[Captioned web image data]
──────

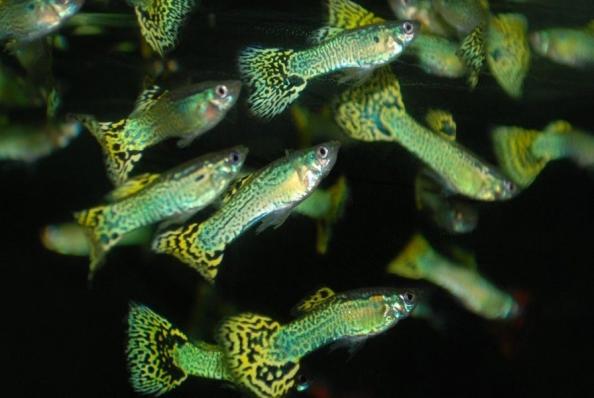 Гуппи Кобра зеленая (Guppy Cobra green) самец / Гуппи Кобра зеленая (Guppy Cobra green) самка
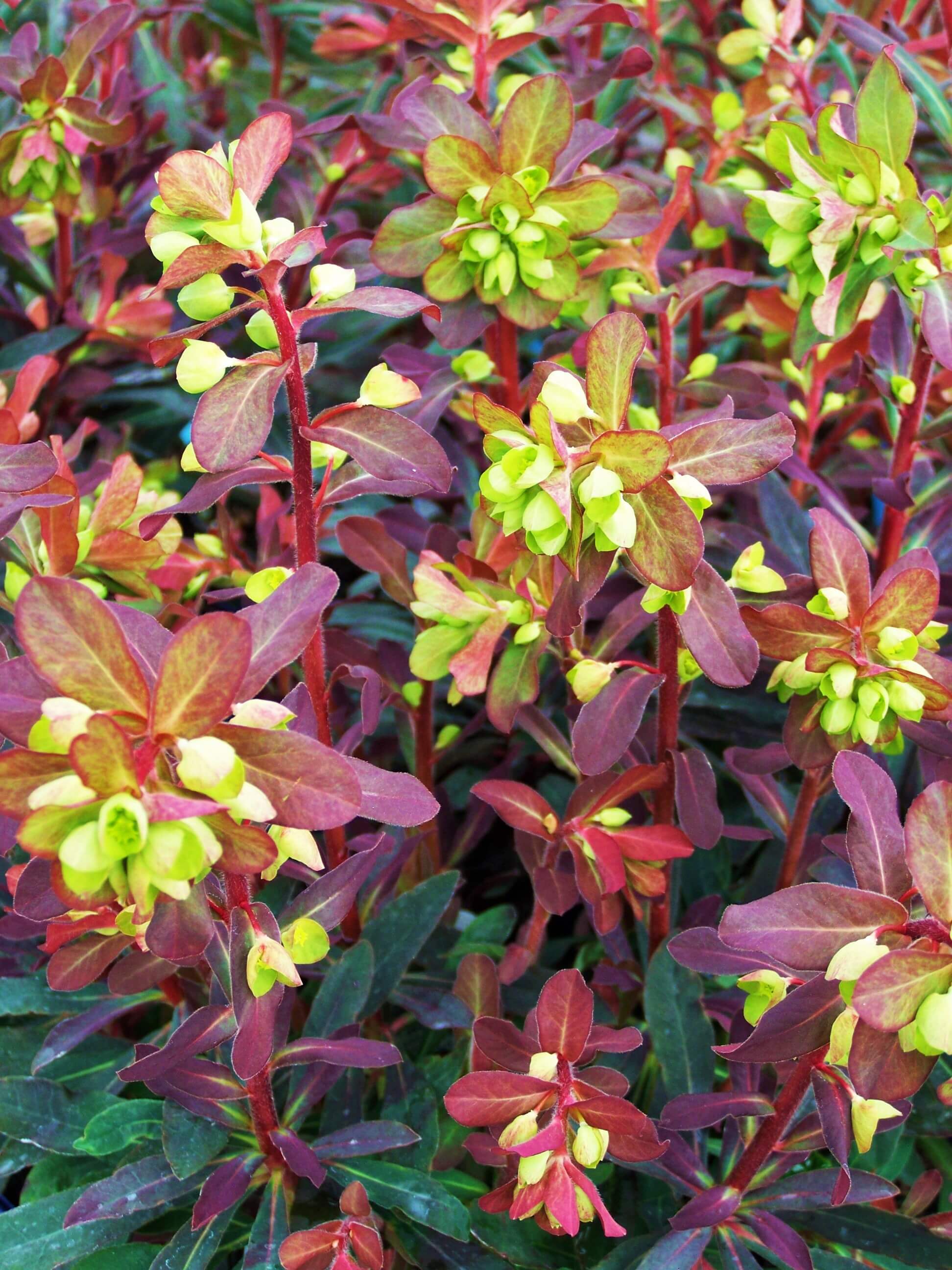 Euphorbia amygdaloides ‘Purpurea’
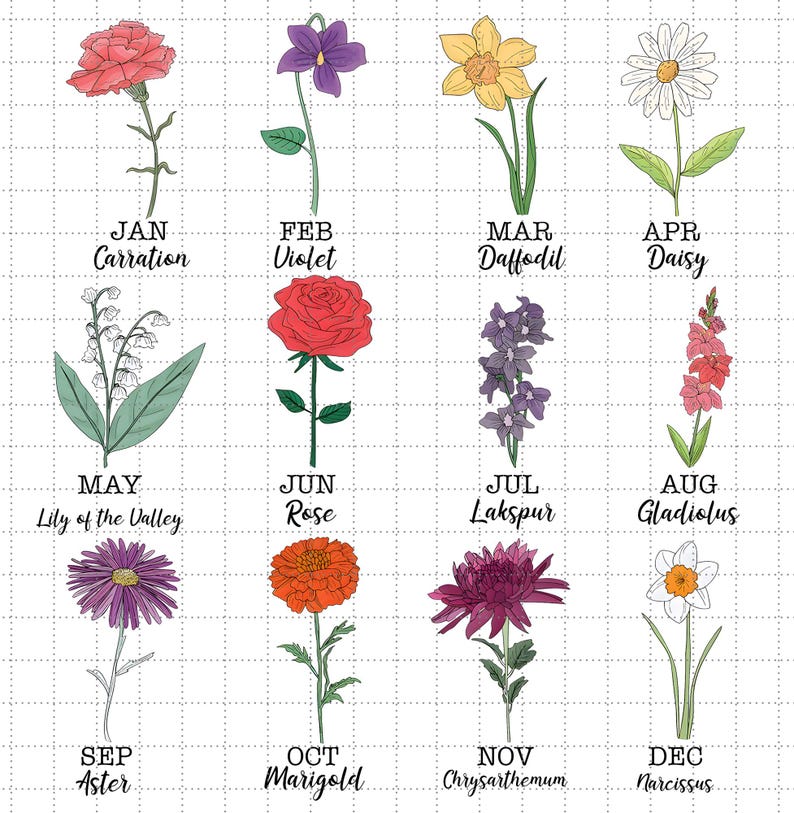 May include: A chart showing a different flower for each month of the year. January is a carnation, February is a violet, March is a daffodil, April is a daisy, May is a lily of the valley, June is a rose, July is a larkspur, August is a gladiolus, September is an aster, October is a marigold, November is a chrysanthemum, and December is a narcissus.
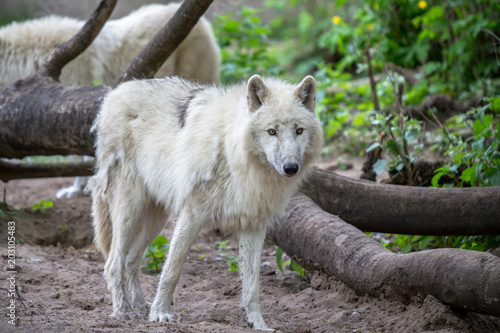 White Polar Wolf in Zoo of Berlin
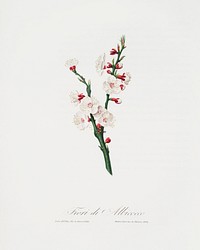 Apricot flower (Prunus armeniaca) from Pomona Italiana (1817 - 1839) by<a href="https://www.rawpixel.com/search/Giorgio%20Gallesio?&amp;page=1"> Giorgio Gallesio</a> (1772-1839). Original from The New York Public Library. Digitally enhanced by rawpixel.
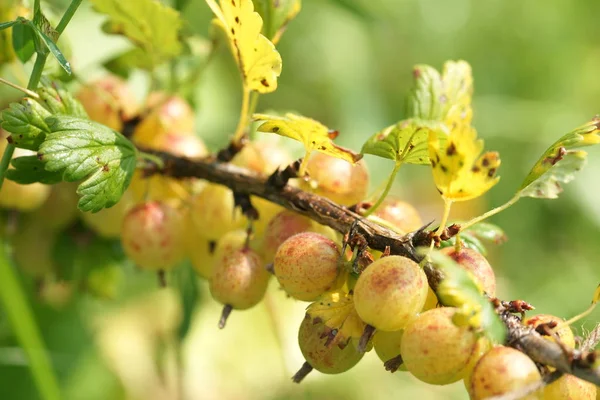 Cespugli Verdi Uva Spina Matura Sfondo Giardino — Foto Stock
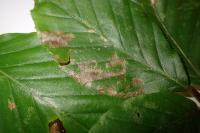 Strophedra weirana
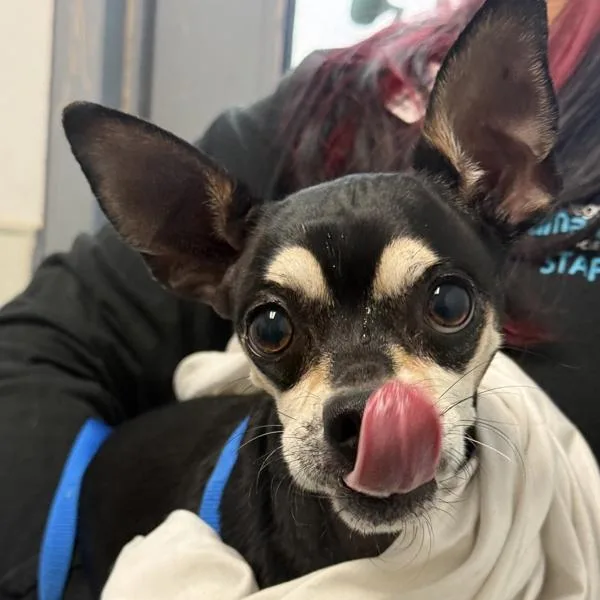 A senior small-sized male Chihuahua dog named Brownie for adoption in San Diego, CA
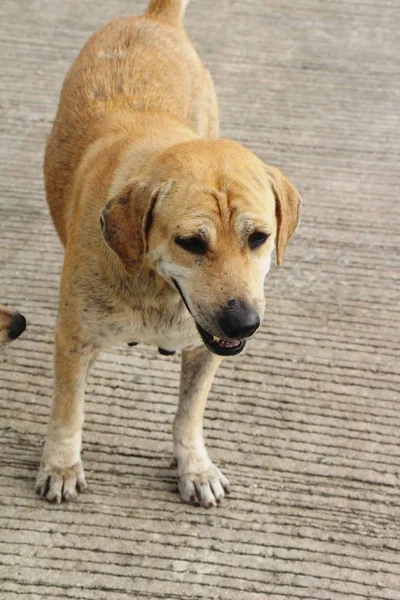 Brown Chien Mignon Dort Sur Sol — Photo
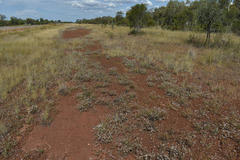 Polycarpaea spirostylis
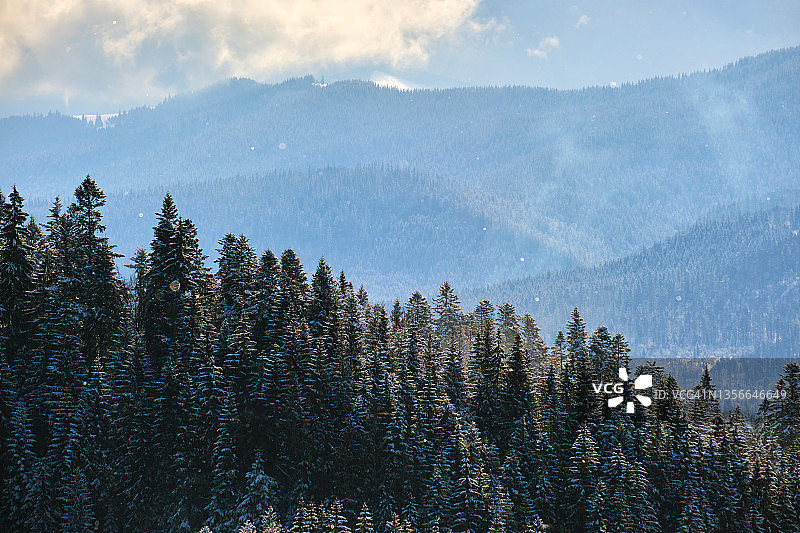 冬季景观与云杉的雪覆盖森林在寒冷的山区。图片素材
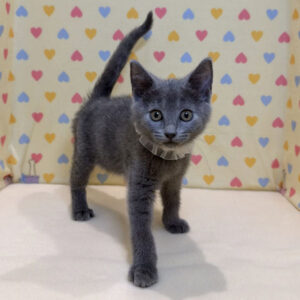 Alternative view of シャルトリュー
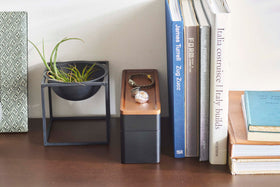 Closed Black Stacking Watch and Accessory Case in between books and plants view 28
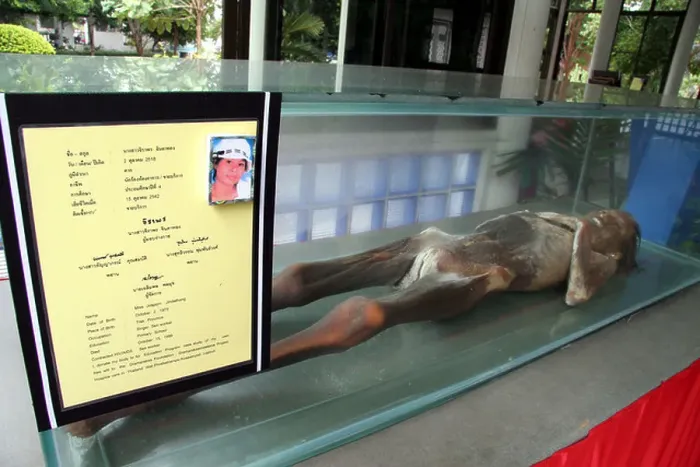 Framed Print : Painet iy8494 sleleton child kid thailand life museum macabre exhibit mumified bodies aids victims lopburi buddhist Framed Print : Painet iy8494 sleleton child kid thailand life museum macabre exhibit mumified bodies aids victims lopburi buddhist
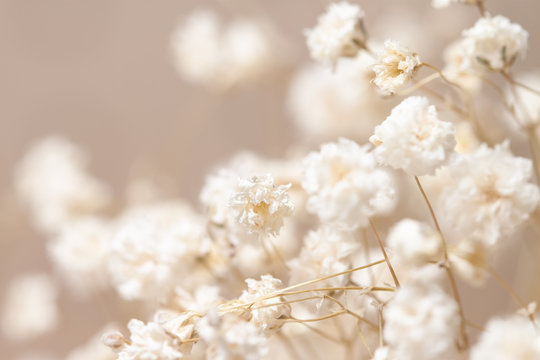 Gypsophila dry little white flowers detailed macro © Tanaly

──────

Required work: Give every entry again verbatim, with no pictures.

Response area:
 Гуппи Кобра зеленая (Guppy Cobra green) самец / Гуппи Кобра зеленая (Guppy Cobra green) самка
 Euphorbia amygdaloides ‘Purpurea’
 May include: A chart showing a different flower for each month of the year. January is a carnation, February is a violet, March is a daffodil, April is a daisy, May is a lily of the valley, June is a rose, July is a larkspur, August is a gladiolus, September is an aster, October is a marigold, November is a chrysanthemum, and December is a narcissus.
 White Polar Wolf in Zoo of Berlin
 Apricot flower (Prunus armeniaca) from Pomona Italiana (1817 - 1839) by<a href="https://www.rawpixel.com/search/Giorgio%20Gallesio?&amp;page=1"> Giorgio Gallesio</a> (1772-1839). Original from The New York Public Library. Digitally enhanced by rawpixel.
 Cespugli Verdi Uva Spina Matura Sfondo Giardino — Foto Stock
 Strophedra weirana
 A senior small-sized male Chihuahua dog named Brownie for adoption in San Diego, CA
 Brown Chien Mignon Dort Sur Sol — Photo
 Polycarpaea spirostylis
 冬季景观与云杉的雪覆盖森林在寒冷的山区。图片素材
 Alternative view of シャルトリュー
 Closed Black Stacking Watch and Accessory Case in between books and plants view 28
 Framed Print : Painet iy8494 sleleton child kid thailand life museum macabre exhibit mumified bodies aids victims lopburi buddhist Framed Print : Painet iy8494 sleleton child kid thailand life museum macabre exhibit mumified bodies aids victims lopburi buddhist
 Gypsophila dry little white flowers detailed macro © Tanaly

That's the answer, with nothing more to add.